(Source records Opens)

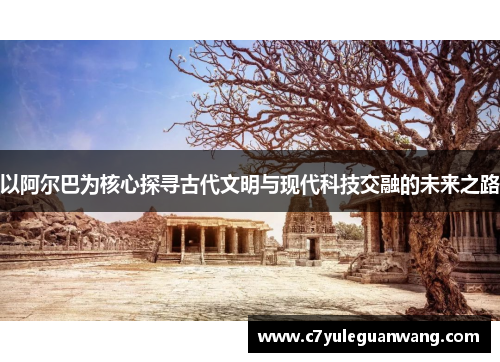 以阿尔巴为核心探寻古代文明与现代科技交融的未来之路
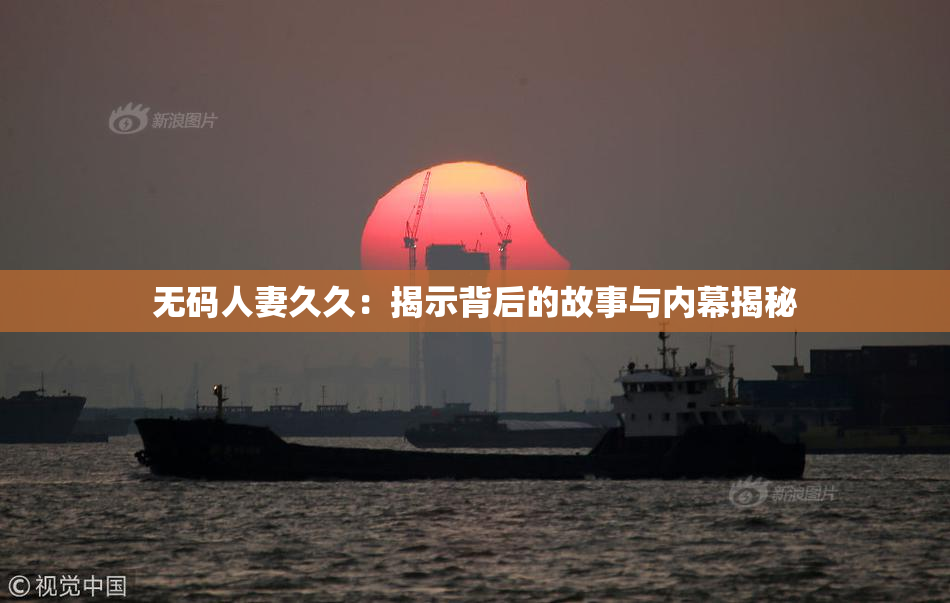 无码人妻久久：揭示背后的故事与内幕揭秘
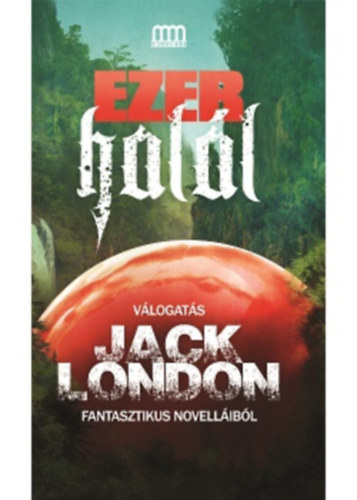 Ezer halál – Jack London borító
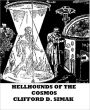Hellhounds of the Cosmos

(Source records Closes)
(Source records Opens)

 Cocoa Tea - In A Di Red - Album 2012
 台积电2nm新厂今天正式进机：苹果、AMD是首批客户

(Source records Closes)

# What you have to do:
Copy needed, without pictures: the lines of the listing above from the line containing "以阿尔巴为核心探寻古代文明与现代科技交融的未来之路" up to and including the line containing "Hellhounds of the Cosmos", set down exactly.

# Written response:
 以阿尔巴为核心探寻古代文明与现代科技交融的未来之路
 无码人妻久久：揭示背后的故事与内幕揭秘
 Ezer halál – Jack London borító
Hellhounds of the Cosmos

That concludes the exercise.